屋敷の広い浴場で、ユーフォリアは頭から湯を被り身体を擦る。詰所の簡素な浴場はどうにも落ち着かず、街の外へと魔獣討伐に出た時などは数日身を清められないこともザラだったので、この慣れ親しんだ湯殿を使うために定期的に帰還したいものだと彼女は思った。
浴場から上がり、新しく用意されたドレスに身体を通していると、扉の向こうに気配が立つ。
「お嬢様、お召し替えをお手伝いさせて頂いても宜しいでしょうか」
「うん、シキも湯船入ってくる? 今日のお湯、良い匂いだったよ」
ユーフォリアの問いに、扉の隙間から苦笑した顔を覗かせながら、とんでもないことだとシキは答えた。
シキの手がユーフォリアの身に上質な布を纏わせていく。小柄な彼女は、今ではすっかりユーフォリアよりも頭一つ小さい。
「大きなお怪我の痕跡は無いようですね。隊士に嫌な者はおりませんでしたか? 素性を勘ぐる不埒な輩は? 詰所の寝所ではちゃんとお眠りになられておりますか?」
矢継ぎ早に質問を繰り返すシキに、一つ一つ答えながら、ユーフォリアは城での生活を思い出していた。アルベルトによって彼女が配された小隊を率いるレオネルという男は、同じ貴族であっても彼とは気質が異なり、少しだけ言動が雑で、そしてアルベルトのことを崇拝しているようであった。そこでふと、レオネルと初めて顔を合わせた時、部屋を出た後で彼が漏らしていた独り言を思い出す。
「ねえシキ、アルベルトって『容姿端麗』なの?」
「お嬢様、私はお嬢様のためではございますが、旦那様の家に仕えている身でございます。主人の容姿にはっきりと言及するのは、使用人として望ましからぬことかと……ところで、どちらの御仁がそのようなことを?」
シキの問いに、ユーフォリアは自分が挨拶に行った時のレオネルの反応と、騎士団に女の隊士が殆どいないのだということを述べた。シキが合点したように頷く。

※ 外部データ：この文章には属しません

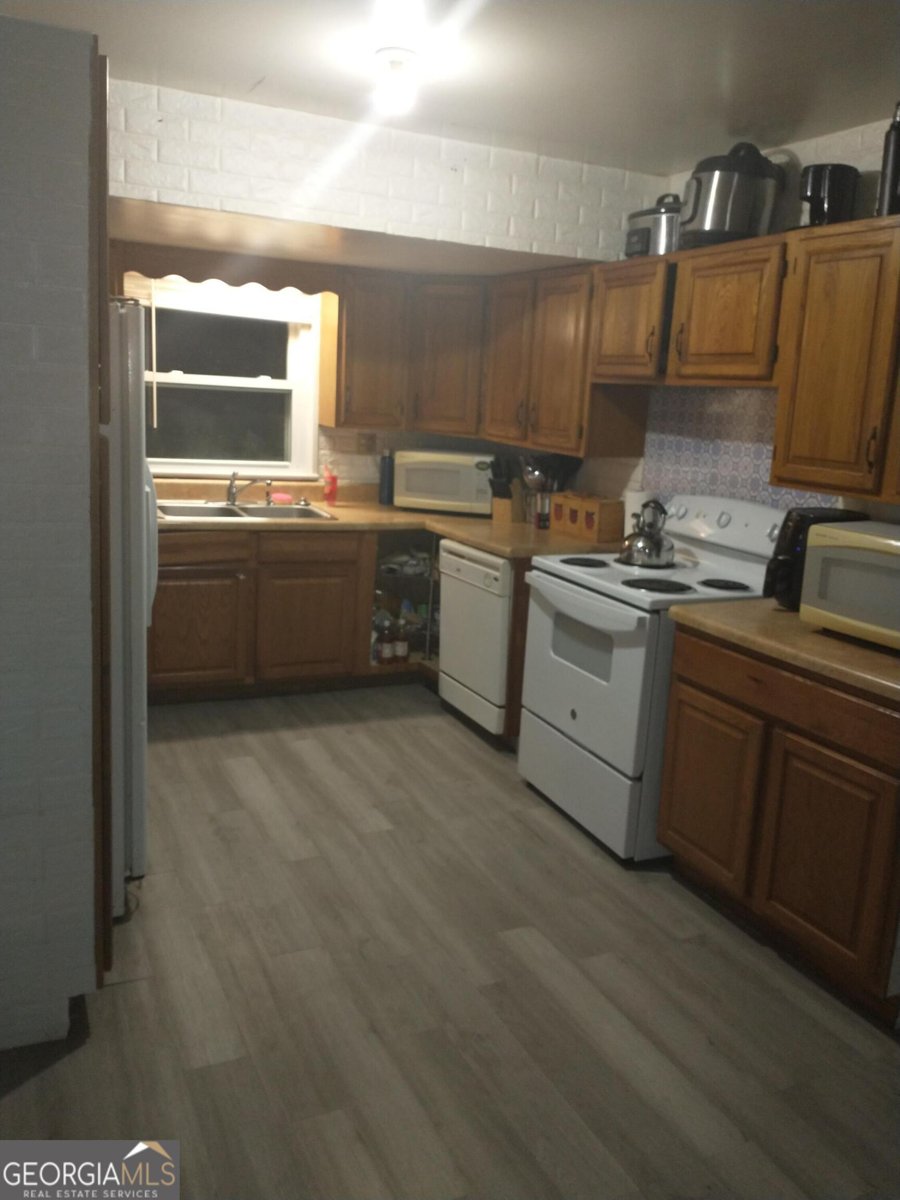 1006 Ridge Road Hartwell - Photo 15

「ああ、そういうことでございますか。旦那様が組織を立ち上げた当初は何人もいたのですよ。アルベルト様の姿を拝見したいがばかりに入団を希望するご婦人方が。皆、数日も経たぬうちに耐えかねて去っていったそうです」
「なんで?」
「箱入りのご令嬢に務まるような生活ではないからでしょう」
端的な回答を聞いて、ユーフォリアは首を捻る。あの城での生活は、屋敷のものとは大きく違ったが、それでも良いものだと彼女は思った。街を回って狼藉者を捕縛したり、外へと出て人間に危害を与える魔獣を討伐したりする他は、基本的に剣を振っていることが多い。訓練場へ行けば様々な人間と腕を競うことができたし、三食出される食事も屋敷のもの程ではないが相当美味しく、何よりも量が豊富で毎回腹を満たせた。少し硬い寝所はどこか落ち着き、いつもよりもよく眠れるような気さえする。おまけに、顔を合わせることは少ないが、同じ敷地にアルベルトがいるという一点だけでも、ユーフォリアは城での生活を気に入っていた。

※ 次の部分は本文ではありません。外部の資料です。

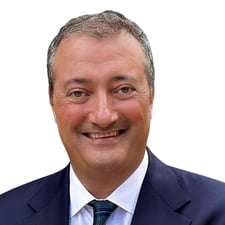 Jorgen Ouaknine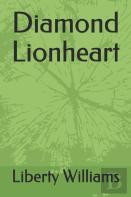 Diamond Lionheart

ドレスを纏い終えて、髪を乾かされ、ユーフォリアはようやく厨房を手伝えると頷く。共に向かおうとシキへと振り返り、少し嬉しそうに目を細めた。
「シキの料理、久しぶりだ」
迷わずそう言うユーフォリアに、シキは数度目を瞬かせる。
「……何故、私が作ったものだと?」
「? だって、匂いがしたよ。あの料理に薬草の粉足すのシキだけだ。美味しいから皆真似したら良いのにね」
きょとんと首を傾げてからユーフォリアが答え、自分も倣いたいので分量を教えてくれと続けた。シキは頷き、胸に手を当てて頭を下げる。
「お嬢様に喜んで頂けるのであれば、グレア殿に調理法の改善として提案致します」
ユーフォリアは満足したように頷く。次いで、もう一つ聞いても良いかと問い、シキが勿論だと顔を上げた。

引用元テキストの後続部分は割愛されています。